Nice new sectional aha, fish tank looks cool too  How come your breaking down the 55g?


----------



## Ghost Knife (Mar 12, 2008)

nathanbarry said:


> Nice new sectional aha, fish tank looks cool too  How come your breaking down the 55g?


Too much to clean since they are massive now and poop so much. I was thinking about getting store credit and using it down the road for Cichlids in my 125.


----------



## NatBarry (Feb 19, 2008)

Hmm that sounds cool, i've never been a fan of goldfish. Isn't your 125g overstocked though?


----------



## Ghost Knife (Mar 12, 2008)

nathanbarry said:


> Hmm that sounds cool, i've never been a fan of goldfish. Isn't your 125g overstocked though?


I'm thinking about taking out the Rainbows and Tiger Barbs.


----------



## NatBarry (Feb 19, 2008)

Ahh cool, rainbows are awesome fish. Why dont u half the numbers of your silver dollars?


----------



## Ghost Knife (Mar 12, 2008)

nathanbarry said:


> Ahh cool, rainbows are awesome fish. Why dont u half the numbers of your silver dollars?


Because the Silver Dollars are my favorite schooling fish.


----------



## NatBarry (Feb 19, 2008)

Thats cool, dont know what to suggest as its your tank after all. Hope it goes well.


----------



## pinetree (Nov 29, 2009)

I like the sofa, looks comfortable. Tank is nice, too.


----------



## Ghost Knife (Mar 12, 2008)

pinetree said:


> I like the sofa, looks comfortable. Tank is nice, too.


Thanks pine.


----------



## Dragonbeards (Dec 14, 2008)

I want that couch (nice Wii)! Oh yeah, and the fish tank is cool too.


----------



## Ghost Knife (Mar 12, 2008)

Dragonbeards said:


> I want that couch (nice Wii)! Oh yeah, and the fish tank is cool too.


Thanks a lot Dragon.


----------



## Blue Cray (Oct 19, 2007)

Ghost Knife said:


> Because the Silver Dollars are my favorite schooling fish.

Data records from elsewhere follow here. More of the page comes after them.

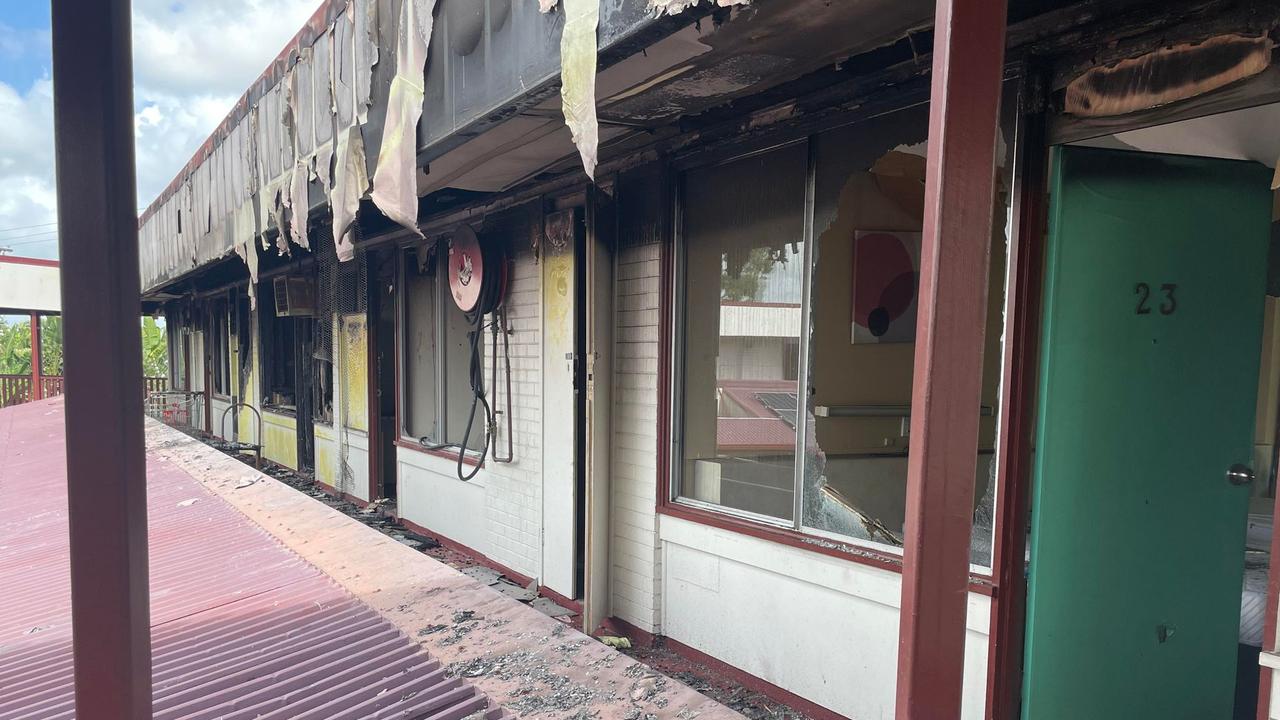 Damage from the second fire at Ambassador Motel, Park Avenue, taken on Wednesday, February 7, 2024.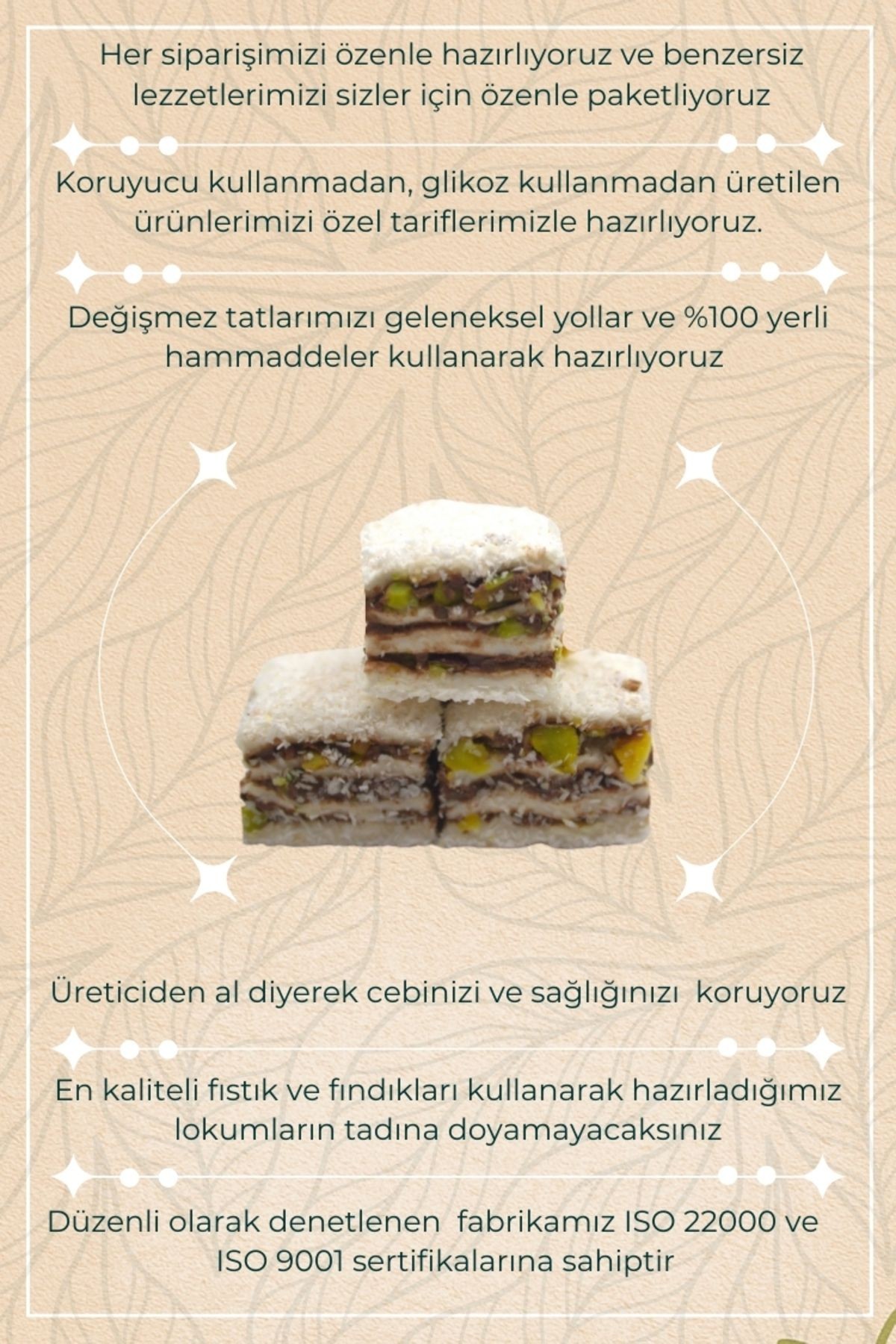 Hindistan Cevizli Antep Fıstıklı Baklava Lokum 226 gr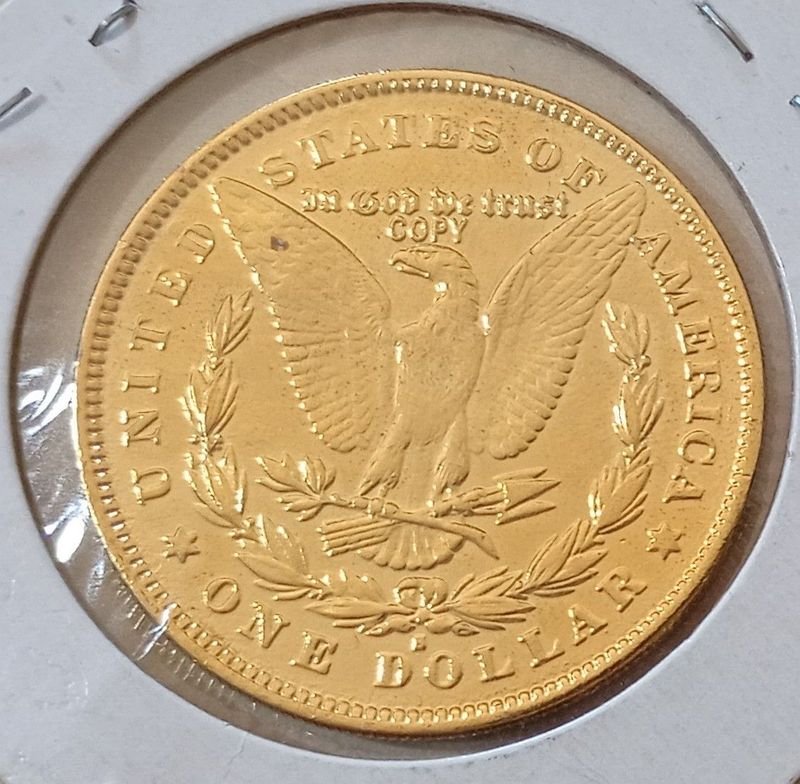 Réplica de un dólar Morgan de 1901 enchapada - Oro en forma de moneda - imagen 2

Yeah really, anyone who would want less silver dollars has obviously never owned them.


----------



## Ghost Knife (Mar 12, 2008)

Blue Cray said:


> Yeah really, anyone who would want less silver dollars has obviously never owned them.

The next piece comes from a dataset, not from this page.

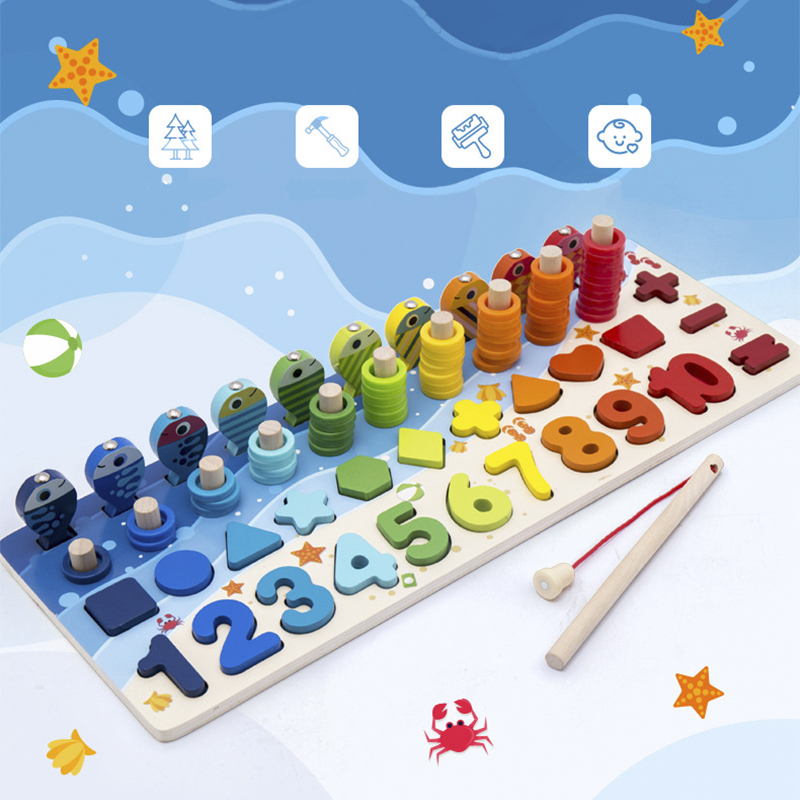 Board Game Harvest - 3D Holzbausteine Kinder-Montessori Ozean-Stil Magnetisches Angelspiel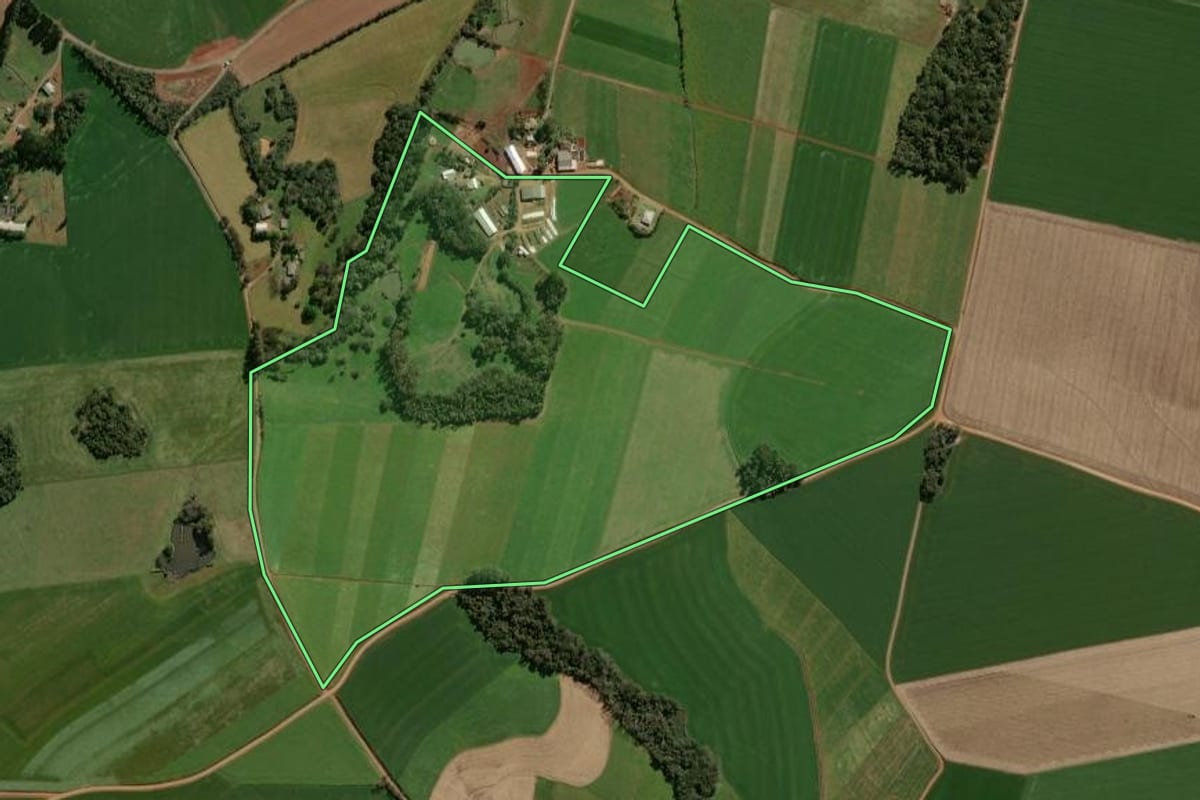 Imagem de satélite do imóvel rural em Alto Alegre (RS), com o contorno declarado no CAR desenhado por cima.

They school better than most saltwater schooling fish in my opinion. Plus when the sun comes in through my windows in the afternoon they look like real silver.


----------



## Blue Cray (Oct 19, 2007)

In the sunlight mine shimmer gold and green its wicked. I'm picking up another fish that does the same under normal light and he's 21" I'll post a pic of him tomorrow maybe.


----------



## Ghost Knife (Mar 12, 2008)

Blue Cray said:


> In the sunlight mine shimmer gold and green its wicked. I'm picking up another fish that does the same under normal light and he's 21" I'll post a pic of him tomorrow maybe.


What kind of fish is it?


----------



## jexeneryan (Mar 29, 2010)

nice living area. =] i bet it's cozy to sit on the couch and watch the fish =]


----------



## Ghost Knife (Mar 12, 2008)

jexeneryan said:


> nice living area. =] i bet it's cozy to sit on the couch and watch the fish =]


Thanks. It is something I do quite often.


----------